Wu estimou que a China preveniu até 260 milhões de infecções e 3 milhões de mortes ao se recusar a adotar a abordagem mais flexível adotada por países como Estados Unidos e Reino Unido.
A quarentena rígida para entrada na China e a política de tolerância zero devem permanecer em vigor pelo menos até o inverno ou a primavera do Hemisfério Norte, porque a China não pode se dar ao luxo de "derrubar" seus sucessos anteriores cometendo um erro, disse ele.
Para alguns comentaristas chineses, estar certo sobre as políticas relacionadas à covid-19 é mais do que uma vitória para a saúde pública; é uma questão de sistemas políticos concorrentes, e a variante Ômicron serve apenas para reforçar as alegações de propaganda da superioridade do Partido Comunista Chinês.
À medida que a ideia de viver com o vírus se tornou mais comum na Europa e na América do Norte, "a mídia ocidental maculou de forma maliciosa a política de 'dinâmica zero covid' da China, acreditando que os custos dessa abordagem eram muito altos e não poderiam ser sustentados. Este ponto de vista é totalmente incorreto", diz um texto publicado no People’s Daily Overseas Edition, um jornal oficial do PCC, nesta terça-feira.

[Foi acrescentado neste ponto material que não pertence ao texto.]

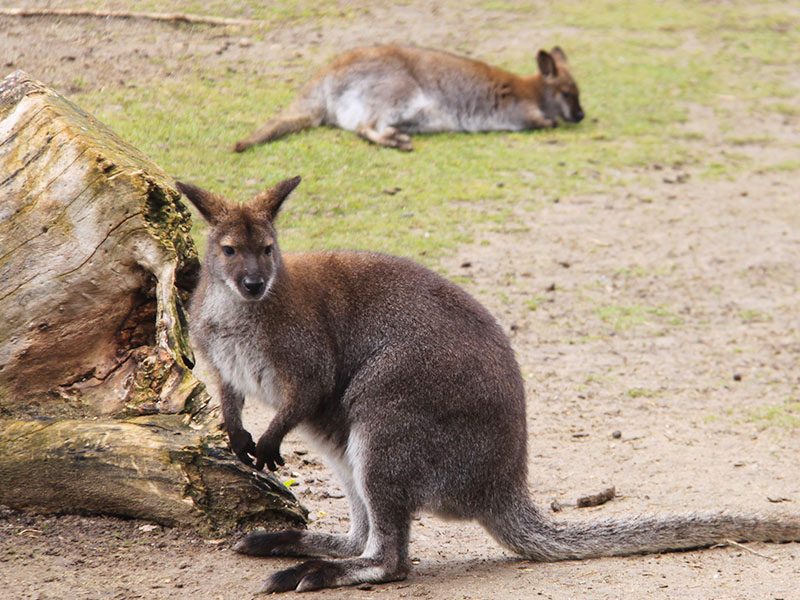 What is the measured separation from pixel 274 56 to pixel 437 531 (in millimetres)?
7553

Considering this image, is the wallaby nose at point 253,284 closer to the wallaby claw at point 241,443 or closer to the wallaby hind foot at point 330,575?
the wallaby claw at point 241,443

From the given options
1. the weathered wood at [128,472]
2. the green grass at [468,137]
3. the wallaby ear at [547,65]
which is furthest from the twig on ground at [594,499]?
the wallaby ear at [547,65]

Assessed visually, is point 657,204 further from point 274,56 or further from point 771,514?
point 771,514

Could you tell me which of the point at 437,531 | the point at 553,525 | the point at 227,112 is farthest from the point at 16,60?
the point at 553,525

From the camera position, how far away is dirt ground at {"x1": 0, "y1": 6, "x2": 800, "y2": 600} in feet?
14.9

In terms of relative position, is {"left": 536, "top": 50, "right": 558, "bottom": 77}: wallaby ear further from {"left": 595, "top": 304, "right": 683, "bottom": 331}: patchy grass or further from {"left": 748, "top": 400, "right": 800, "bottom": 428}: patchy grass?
{"left": 748, "top": 400, "right": 800, "bottom": 428}: patchy grass

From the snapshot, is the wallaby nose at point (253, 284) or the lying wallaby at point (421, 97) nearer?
the wallaby nose at point (253, 284)

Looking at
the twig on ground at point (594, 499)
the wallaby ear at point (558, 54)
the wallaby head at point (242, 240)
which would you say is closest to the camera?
the wallaby head at point (242, 240)

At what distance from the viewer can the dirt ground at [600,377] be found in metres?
4.55

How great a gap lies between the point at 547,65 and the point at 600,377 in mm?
6099

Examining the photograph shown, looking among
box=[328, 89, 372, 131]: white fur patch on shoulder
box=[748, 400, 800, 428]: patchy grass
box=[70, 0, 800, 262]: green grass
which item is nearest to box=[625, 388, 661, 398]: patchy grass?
box=[748, 400, 800, 428]: patchy grass

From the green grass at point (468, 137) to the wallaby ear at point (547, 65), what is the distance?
701 mm

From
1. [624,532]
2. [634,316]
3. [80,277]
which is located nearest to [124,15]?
[634,316]

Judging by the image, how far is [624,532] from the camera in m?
4.81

Para serem eficazes, os bloqueios em massa, os testes swab e o rastreamento de contatos da China exigiram a adesão do público, mas "a dificuldade comparativa dos países ocidentais em implementar políticas de quarentena, um grande revés para a prevenção de epidemias, deve-se fundamentalmente às diferenças nos sistemas de governança", escreveu Zhou Xinfa, um estudioso da Academia Chinesa de Ciências Sociais e autor do artigo.
As críticas ao "nacionalismo vacinal" das nações mais ricas, na esteira da chegada da Ômicron, também representam uma vantagem potencial para a ambição da China de ser vista como um fornecedor líder de doses para países de baixa e média renda.
No Fórum para Cooperação China-África na segunda-feira, o presidente chinês Xi Jinping anunciou que mais de 1 bilhão de doses de vacinas chinesas seriam fornecidas à África no próximo ano, incluindo 600 milhões como doações, como um esforço para "curar a lacuna de imunidade" no continente.
Isso representaria um aumento significativo em relação às 107 milhões de doses entregues até agora, de acordo com a Bridge Consulting, uma empresa de pesquisa com sede em Pequim.